Northern Ireland Pol Rebuked for ‘Bomb Israel’ Remark

Tale of 2 Struggles? Mural in Northern Ireland depicts struggle against British rule. A Sinn Fein councillor suggested Israel should be bombed to get it to negotiate seriously. Image by getty images
Sinn Fein distanced itself from a councilor in an Irish city who called on the United Nations to bomb Israel.
John Hearne, a councilor representing the Sinn Fein party in the southeastern city of Waterford, said in a July 18 radio interview that he believed the United Nations should start shelling Israel in a bid to end the latest Israel-Hamas conflict in the Gaza Strip.
“Well, I’d prefer if the United Nations started shelling Israel,” he told WLR FM.

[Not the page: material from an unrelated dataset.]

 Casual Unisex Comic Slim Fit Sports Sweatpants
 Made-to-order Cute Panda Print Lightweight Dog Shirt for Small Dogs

Sinn Fein on Thursday distanced itself from Hearne’s remarks and noted that the United Nation is not a war-making entity.
“Cllr. Hearne’s comments are not reflective of Sinn Fein’s position on the situation in Gaza,” the party said in a statement. “The stated mission of the UN is to foster peace and security.”
Sinn Fein’s posture, it said, according to The Journal, an Irish news site, was to support an “inclusive peace process” and that in the current conflict “Israel must halt its assault on Gaza. The blockade must be lifted immediately. Also, the firing of rockets from Gaza into Israel must end.”
Sinn Fein, at one time associated with the Irish Republican Army, has historic ties to Palestinian groups.
Hearne cited past IRA attacks in justifying violence as a means of pressuring nations.
“You have to get them to the table,” he said. “The English were never coming to the table until Canary Wharf happened.”
The 1996 IRA bombing at Canary Wharf in London killed two people and ended a cease-fire; the sides in the Northern Ireland conflict eventually returned to the table and by 1998 had signed the Good Friday Agreement.
Hearne’s comments remained unnoticed until a Waterford-based senator from Fine Gael, another party, read them into the Irish senate’s record on Thursday.